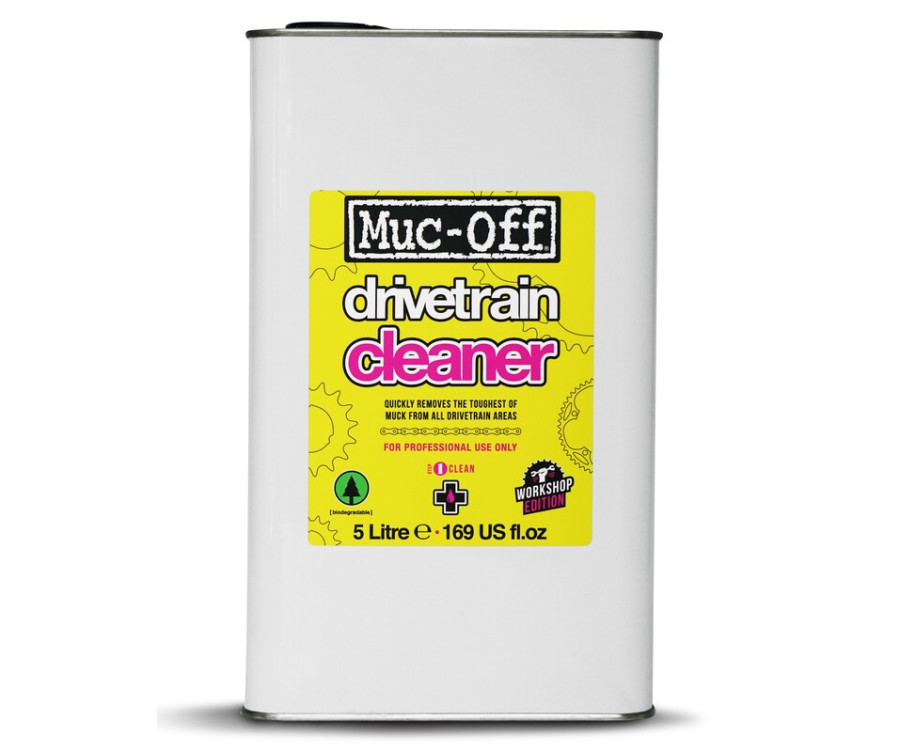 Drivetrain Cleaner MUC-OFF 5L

──────────────────────────────

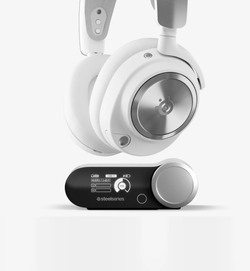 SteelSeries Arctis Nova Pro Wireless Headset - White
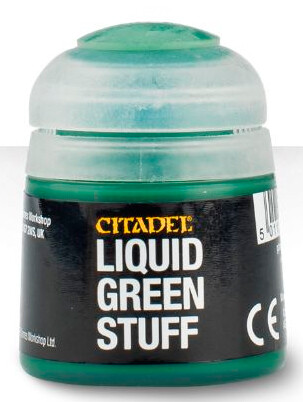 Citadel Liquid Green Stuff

──────────────────────────────

**What you should do**
Beginning with the line that contains "SteelSeries Arctis Nova", write out the lines of the material above exactly, and end with the line that contains "Citadel Liquid Green Stuff". Omit the pictures.

**Solution to this problem**
 SteelSeries Arctis Nova Pro Wireless Headset - White
 Citadel Liquid Green Stuff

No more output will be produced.